Ya
mucho he escrito sobre mi peculiar gusto musical y el papel protagónico que
siempre ha jugado la música en mi vida. Para mí los días son música, el buen
vivir lleva de fondo alguna tonada y mi gusto lo define el humor, el día, el
trago y hasta la compañía. Puedo asignar una canción a cada momento importante y
me gusta oxigenar mi mente entre canción y canción. De modo que no discrimino
géneros, mis oídos no guardan exclusividad ni exquisitez alguna, no sé de
música con escuela y de igual forma soy capaz de bailar al paso del son que
marque el ritmo.
Puedo
pasar de Serrat a Toño Rosario y de repente tararear a Mozart La Para sin
remordimientos. Así me pasa con la bachata y esta semana mis días se resumieron
a ella. Entre mi vecino que suena un amplio repertorio, la barbería de la
esquina que hace gala de sus potentes bocinas y entre todas las que tocan las emisoras,
debo confesar que terminé tomandole cariño y respeto a la bachata.
El
pasado lunes tuve el chance de asistir a una fiesta de Anthony Santos, entre el
ajuste de la guira, la guitarra maestra del Mayimbe y las letras tan
dominicanas imposible no bailar. Lo que pude observar en mis escasos momentos
de quietud en los que el ritmo asombrosamente pegajoso me daba chance, cambió por
completo mi perspectiva de cara a la bachata.
A
las 11 de la noche de un lunes cualquiera, boletas agotadas a pesar de los
precios poco populares; una fila repleta de elegantes damas con vestidos y tacones,
hombres con chaquetas o camisas estampadas a la moda; peloteros y lujosos
vehículos; figuras políticas victoriosas y derrotadas; senadores, diputados y
las infaltables muchachas del medio. Todos mezclados entre gente de distintos
estatus social y económico, cantando y bailando cada una de las canciones de El
Mayimbe de la Bachata. La escena no dejó espacio para dudas de que aquello de
que la bachata es música de pobres sólo vive en la historia de los inicios del
género cuando era blanco de la discriminación.
Con
Anthony Santos confirmé la grandeza del carisma en un artista y lo dichoso que
es todo aquel que lo posea y lo retribuya con respeto y humildad a su público.

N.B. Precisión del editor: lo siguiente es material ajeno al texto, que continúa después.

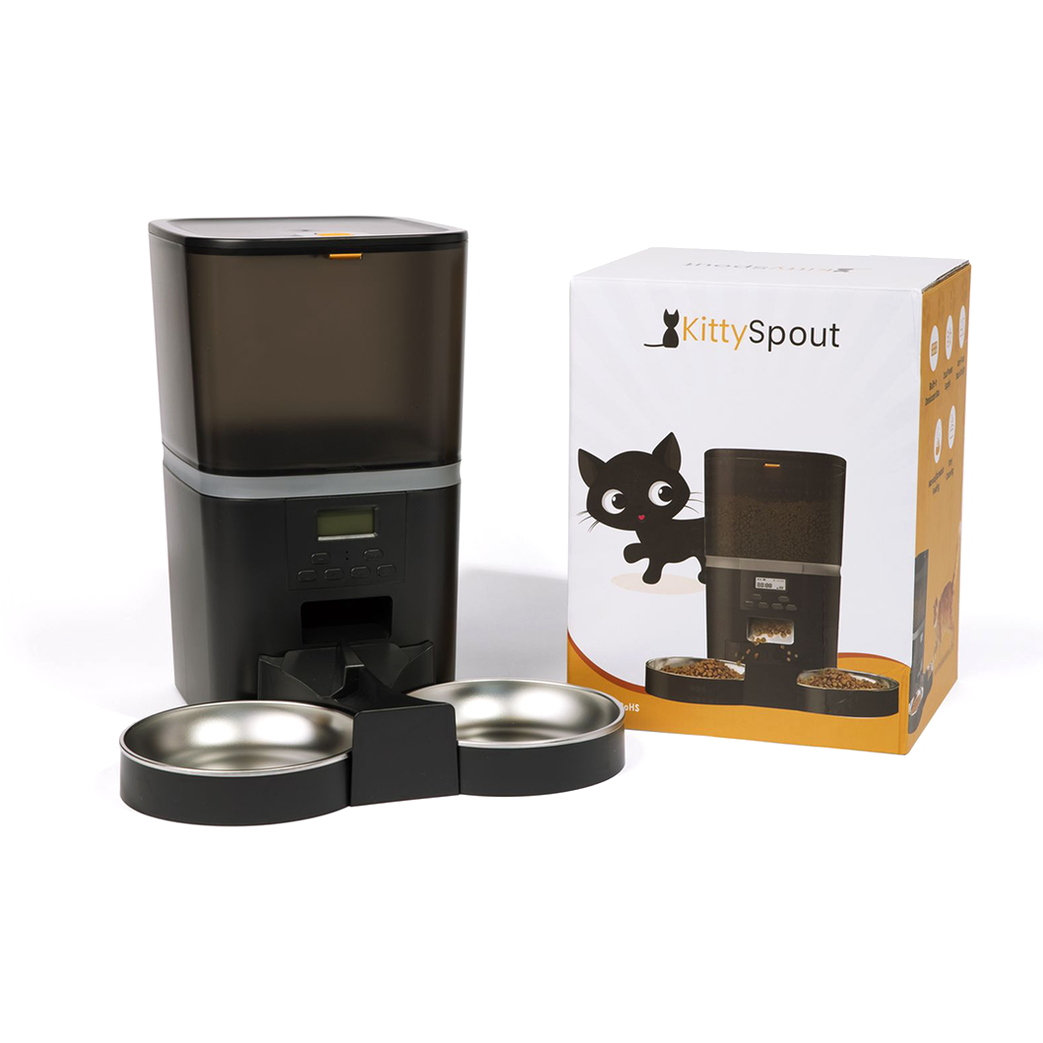 The KittyFeeder™ - Automatic Cat Feeder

La pasión y la fuerza en cada tema asombran si se piensa en un hombre de raíces
muy humildes que ha logrado mantenerse por tantos años en un medio tan exigente
como el de la música.
Mi
semana bachatera no terminaba cuando el mismo Bachatú ocupaba titulares que
contaban de su reclusión en la cárcel del Palacio de Ciudad Nueva, a raíz de
una demanda por un supuesto plagio. Lejos de golpear su popularidad, las
emisoras sonaban sus canciones y esa mañana se hizo casi colectivo en los
medios de opinión el rechazo a la medida. Y esa aceptación incondicional
desinteresada, se llama carisma.
La
bachata es hija del pueblo y lo de populacho en su música es precisamente un
espejo de lo cotidiano en los barrios pobres y en casas de ricos, donde también
cantan y bailan el “Voy pa allá” a todo pulmón y corazón. El arte como los
pensamientos es libre y no nació para estar preso.